● **AIM OF THE EXERCISE**: Below are entries; copy exactly the lines from the one with "Mercedes-benz GLA 180 d Automatic Executive" through the one with "Guangzhou Hung Fuk Mun Hotel", both included, and leave out the rest.

● **DATASET ENTRIES**:

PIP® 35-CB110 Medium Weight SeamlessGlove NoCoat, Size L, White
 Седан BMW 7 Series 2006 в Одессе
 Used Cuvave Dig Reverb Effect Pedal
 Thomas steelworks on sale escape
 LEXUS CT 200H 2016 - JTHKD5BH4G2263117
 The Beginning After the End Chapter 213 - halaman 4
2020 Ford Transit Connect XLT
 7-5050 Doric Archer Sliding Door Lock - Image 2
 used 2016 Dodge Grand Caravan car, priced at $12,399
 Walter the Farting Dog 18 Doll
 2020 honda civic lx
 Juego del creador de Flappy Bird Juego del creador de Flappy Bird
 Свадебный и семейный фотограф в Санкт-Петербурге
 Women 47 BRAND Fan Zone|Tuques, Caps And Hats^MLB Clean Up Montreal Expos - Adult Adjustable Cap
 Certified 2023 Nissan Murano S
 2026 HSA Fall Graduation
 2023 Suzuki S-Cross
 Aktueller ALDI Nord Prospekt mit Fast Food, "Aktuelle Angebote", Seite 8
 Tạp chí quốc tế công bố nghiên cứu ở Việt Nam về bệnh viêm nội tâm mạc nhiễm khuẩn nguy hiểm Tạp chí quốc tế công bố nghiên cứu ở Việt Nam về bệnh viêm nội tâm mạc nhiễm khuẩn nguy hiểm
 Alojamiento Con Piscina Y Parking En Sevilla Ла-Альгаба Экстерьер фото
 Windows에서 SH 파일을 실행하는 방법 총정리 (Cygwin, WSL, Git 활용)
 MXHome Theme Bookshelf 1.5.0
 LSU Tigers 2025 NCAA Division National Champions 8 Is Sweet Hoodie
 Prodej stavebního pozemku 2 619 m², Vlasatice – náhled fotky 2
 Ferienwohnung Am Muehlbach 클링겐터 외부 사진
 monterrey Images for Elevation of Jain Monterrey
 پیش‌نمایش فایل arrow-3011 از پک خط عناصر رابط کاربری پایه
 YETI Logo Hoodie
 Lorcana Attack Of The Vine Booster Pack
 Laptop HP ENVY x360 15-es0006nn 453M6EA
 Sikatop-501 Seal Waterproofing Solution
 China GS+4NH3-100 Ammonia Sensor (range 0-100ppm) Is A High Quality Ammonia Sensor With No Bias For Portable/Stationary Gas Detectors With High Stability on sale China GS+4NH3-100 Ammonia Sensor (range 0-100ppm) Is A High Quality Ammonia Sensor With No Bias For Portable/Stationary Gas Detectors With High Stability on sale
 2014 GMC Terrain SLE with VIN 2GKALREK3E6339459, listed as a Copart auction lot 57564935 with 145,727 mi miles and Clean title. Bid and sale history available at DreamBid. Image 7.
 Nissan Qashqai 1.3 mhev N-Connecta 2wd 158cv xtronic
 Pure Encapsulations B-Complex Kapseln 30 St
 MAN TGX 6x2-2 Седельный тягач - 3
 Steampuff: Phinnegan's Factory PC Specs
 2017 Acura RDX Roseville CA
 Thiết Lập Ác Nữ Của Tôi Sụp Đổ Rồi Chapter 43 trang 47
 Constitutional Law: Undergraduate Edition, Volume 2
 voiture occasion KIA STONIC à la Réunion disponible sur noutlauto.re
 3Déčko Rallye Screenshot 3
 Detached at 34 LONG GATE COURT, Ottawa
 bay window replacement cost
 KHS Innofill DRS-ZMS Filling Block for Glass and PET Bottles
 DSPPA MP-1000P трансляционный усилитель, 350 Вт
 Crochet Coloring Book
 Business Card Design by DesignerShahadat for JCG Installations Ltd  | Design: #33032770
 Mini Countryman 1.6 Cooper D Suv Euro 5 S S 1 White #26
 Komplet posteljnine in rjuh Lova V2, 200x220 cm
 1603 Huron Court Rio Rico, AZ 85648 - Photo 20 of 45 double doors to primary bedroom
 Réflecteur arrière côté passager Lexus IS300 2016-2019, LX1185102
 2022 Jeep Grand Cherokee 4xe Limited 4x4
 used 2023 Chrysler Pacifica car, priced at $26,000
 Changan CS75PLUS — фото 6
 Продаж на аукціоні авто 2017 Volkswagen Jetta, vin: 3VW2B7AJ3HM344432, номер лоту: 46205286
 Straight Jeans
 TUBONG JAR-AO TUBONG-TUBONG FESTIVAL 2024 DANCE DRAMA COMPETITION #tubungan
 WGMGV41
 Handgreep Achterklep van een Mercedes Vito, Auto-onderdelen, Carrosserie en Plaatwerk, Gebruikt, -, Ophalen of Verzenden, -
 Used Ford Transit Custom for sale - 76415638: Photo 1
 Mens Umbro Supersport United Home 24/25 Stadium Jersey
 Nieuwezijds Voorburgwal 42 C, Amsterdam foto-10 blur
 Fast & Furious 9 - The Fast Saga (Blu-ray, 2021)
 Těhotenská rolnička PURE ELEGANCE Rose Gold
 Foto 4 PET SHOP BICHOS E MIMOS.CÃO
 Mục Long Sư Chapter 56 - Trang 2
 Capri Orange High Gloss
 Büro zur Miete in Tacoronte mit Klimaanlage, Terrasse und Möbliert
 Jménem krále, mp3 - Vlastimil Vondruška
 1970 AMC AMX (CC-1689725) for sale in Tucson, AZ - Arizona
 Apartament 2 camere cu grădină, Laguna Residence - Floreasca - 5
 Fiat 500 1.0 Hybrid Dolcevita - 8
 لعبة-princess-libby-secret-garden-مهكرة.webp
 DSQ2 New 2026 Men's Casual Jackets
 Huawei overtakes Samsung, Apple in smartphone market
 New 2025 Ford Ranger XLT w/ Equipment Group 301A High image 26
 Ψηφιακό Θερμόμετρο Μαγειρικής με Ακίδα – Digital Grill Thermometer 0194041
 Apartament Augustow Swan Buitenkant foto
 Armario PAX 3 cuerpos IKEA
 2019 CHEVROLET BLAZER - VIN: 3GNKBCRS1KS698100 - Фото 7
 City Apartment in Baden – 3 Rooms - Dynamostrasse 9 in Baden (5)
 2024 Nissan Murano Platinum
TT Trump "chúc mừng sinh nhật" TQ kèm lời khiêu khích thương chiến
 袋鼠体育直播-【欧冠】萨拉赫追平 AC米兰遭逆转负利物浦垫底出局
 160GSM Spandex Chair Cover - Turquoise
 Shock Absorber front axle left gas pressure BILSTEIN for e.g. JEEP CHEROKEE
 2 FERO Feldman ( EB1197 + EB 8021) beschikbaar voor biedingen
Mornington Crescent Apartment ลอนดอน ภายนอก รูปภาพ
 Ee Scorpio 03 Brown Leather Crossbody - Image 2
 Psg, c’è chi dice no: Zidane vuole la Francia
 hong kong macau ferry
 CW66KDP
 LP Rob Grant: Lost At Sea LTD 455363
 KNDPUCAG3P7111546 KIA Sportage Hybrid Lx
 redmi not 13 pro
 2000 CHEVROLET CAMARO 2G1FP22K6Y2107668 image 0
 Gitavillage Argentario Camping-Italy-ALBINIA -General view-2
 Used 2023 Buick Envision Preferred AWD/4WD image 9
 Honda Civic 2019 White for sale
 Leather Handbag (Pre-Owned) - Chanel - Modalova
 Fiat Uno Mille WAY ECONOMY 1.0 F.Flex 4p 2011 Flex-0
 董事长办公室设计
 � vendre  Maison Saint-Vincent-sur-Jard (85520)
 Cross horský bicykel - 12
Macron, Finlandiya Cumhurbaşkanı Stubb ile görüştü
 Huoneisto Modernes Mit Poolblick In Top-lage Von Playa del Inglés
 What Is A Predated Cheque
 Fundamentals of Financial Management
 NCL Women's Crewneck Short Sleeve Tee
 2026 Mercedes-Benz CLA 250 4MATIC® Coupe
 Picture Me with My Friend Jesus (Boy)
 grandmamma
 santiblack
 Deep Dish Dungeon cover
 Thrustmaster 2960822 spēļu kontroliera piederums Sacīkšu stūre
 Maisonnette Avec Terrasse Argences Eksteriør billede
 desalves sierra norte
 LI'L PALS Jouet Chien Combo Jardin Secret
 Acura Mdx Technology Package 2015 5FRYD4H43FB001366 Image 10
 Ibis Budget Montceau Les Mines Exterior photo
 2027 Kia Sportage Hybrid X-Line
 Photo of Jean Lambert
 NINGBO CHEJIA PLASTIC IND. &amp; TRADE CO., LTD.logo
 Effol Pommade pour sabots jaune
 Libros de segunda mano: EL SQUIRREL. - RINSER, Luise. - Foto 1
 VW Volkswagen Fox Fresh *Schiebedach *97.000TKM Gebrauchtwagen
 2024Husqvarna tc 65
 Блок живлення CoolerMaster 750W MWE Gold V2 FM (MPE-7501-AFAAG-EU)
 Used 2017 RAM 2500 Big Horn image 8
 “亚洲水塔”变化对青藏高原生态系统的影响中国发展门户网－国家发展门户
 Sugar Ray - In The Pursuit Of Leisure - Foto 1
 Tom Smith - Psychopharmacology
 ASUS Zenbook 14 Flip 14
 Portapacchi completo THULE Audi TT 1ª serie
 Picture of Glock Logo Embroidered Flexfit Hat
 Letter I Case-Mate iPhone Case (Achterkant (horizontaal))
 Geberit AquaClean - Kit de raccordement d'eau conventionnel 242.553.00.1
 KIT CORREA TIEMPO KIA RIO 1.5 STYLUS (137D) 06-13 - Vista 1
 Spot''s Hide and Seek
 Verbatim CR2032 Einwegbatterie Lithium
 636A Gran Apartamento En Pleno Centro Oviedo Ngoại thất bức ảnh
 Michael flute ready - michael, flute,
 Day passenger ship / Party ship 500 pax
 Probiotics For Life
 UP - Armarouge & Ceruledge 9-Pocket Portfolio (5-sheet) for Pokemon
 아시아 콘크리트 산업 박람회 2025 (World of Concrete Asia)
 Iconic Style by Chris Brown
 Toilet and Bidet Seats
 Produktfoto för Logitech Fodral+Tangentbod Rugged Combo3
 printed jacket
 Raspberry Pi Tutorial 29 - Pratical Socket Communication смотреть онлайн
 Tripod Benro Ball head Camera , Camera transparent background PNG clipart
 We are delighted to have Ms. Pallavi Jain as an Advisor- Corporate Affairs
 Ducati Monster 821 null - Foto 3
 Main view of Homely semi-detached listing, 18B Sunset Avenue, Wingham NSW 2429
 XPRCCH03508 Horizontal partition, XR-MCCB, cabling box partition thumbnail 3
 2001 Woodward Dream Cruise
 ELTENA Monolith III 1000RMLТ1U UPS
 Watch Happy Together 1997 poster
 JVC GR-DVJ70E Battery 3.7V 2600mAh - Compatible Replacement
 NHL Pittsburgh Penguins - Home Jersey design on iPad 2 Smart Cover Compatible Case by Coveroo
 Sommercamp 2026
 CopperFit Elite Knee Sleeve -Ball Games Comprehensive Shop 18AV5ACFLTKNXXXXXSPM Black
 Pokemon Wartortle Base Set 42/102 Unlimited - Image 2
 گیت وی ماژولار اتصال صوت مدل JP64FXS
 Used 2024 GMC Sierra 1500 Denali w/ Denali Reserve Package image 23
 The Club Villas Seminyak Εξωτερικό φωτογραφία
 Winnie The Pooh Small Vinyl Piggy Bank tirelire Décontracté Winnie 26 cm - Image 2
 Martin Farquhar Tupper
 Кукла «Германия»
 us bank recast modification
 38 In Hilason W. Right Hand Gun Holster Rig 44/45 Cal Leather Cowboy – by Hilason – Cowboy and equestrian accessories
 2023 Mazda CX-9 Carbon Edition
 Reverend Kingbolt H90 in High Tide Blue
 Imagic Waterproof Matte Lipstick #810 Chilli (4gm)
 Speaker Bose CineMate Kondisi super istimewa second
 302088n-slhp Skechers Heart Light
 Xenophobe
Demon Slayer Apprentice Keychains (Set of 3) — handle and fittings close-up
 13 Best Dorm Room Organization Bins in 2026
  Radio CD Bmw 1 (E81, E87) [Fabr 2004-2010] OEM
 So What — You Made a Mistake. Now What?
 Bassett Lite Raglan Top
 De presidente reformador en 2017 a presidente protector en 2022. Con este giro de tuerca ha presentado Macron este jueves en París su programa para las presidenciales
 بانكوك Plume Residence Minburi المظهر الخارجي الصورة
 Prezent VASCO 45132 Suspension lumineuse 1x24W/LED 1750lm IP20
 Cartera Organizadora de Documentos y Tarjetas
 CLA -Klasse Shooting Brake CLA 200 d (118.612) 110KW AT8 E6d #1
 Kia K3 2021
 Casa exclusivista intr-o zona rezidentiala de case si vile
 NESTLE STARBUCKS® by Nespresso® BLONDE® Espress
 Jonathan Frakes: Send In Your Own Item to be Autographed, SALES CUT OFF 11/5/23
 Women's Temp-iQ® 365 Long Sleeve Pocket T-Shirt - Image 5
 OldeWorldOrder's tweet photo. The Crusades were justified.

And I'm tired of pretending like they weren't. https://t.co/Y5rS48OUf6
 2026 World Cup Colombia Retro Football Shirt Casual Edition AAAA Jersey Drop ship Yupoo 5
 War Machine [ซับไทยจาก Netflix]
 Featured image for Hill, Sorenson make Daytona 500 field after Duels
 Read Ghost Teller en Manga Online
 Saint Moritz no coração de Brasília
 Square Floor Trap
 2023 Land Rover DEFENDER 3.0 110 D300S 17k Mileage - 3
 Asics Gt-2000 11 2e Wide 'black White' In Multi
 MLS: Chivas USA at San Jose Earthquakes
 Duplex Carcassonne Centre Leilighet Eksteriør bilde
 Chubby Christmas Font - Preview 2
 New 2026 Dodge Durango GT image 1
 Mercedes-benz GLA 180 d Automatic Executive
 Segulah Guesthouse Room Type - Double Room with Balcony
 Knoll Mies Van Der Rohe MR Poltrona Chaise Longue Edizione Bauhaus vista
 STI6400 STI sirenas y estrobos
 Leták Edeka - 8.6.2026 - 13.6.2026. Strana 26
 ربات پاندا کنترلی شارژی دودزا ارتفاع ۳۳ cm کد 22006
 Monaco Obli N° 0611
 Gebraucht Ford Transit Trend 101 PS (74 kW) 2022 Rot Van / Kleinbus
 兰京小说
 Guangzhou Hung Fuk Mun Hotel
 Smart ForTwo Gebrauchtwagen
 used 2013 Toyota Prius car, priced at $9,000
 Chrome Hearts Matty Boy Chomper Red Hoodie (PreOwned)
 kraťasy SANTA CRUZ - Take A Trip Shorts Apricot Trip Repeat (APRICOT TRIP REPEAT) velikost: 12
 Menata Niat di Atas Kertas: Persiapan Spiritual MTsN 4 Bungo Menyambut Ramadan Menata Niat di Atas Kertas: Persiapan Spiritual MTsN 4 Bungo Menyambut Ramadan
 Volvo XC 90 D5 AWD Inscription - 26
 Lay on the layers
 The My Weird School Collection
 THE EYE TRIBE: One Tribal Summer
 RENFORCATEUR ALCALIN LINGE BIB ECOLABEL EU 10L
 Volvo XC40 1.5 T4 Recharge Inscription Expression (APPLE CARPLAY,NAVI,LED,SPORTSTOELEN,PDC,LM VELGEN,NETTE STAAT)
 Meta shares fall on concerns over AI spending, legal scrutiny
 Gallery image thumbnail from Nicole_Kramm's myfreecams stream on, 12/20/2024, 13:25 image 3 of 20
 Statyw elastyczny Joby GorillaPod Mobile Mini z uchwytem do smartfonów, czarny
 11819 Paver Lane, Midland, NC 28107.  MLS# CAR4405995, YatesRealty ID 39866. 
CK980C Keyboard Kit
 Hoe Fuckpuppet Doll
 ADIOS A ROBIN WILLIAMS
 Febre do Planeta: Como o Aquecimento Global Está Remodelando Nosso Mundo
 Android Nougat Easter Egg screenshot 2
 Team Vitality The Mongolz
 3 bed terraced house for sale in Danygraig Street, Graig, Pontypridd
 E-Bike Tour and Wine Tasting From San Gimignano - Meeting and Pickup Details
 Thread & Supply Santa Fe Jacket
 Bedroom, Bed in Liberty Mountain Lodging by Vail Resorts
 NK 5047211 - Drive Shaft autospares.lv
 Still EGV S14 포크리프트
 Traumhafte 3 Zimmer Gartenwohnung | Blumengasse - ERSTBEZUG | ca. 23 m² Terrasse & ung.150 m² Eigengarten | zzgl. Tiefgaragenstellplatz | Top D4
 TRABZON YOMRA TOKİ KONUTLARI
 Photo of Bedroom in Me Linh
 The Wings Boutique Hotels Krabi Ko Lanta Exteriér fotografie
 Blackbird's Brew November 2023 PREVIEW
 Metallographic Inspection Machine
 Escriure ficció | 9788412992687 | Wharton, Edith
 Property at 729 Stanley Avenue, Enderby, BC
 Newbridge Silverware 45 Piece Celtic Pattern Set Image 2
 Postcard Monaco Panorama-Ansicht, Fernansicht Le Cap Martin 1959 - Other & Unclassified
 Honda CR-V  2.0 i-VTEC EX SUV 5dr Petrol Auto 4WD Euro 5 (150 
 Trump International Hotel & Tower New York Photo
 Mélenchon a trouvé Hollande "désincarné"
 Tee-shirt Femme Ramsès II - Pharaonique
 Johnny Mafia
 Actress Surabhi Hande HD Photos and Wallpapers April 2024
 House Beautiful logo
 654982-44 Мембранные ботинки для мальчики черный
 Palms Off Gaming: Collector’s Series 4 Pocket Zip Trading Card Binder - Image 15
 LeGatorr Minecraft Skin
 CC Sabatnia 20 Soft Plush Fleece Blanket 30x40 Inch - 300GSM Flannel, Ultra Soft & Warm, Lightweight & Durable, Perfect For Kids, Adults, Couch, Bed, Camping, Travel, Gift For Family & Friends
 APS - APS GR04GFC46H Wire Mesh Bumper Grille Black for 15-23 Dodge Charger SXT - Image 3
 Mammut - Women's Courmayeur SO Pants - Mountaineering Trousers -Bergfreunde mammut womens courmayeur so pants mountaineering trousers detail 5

● **EXERCISE ANSWER**:
 Mercedes-benz GLA 180 d Automatic Executive
 Segulah Guesthouse Room Type - Double Room with Balcony
 Knoll Mies Van Der Rohe MR Poltrona Chaise Longue Edizione Bauhaus vista
 STI6400 STI sirenas y estrobos
 Leták Edeka - 8.6.2026 - 13.6.2026. Strana 26
 ربات پاندا کنترلی شارژی دودزا ارتفاع ۳۳ cm کد 22006
 Monaco Obli N° 0611
 Gebraucht Ford Transit Trend 101 PS (74 kW) 2022 Rot Van / Kleinbus
 兰京小说
 Guangzhou Hung Fuk Mun Hotel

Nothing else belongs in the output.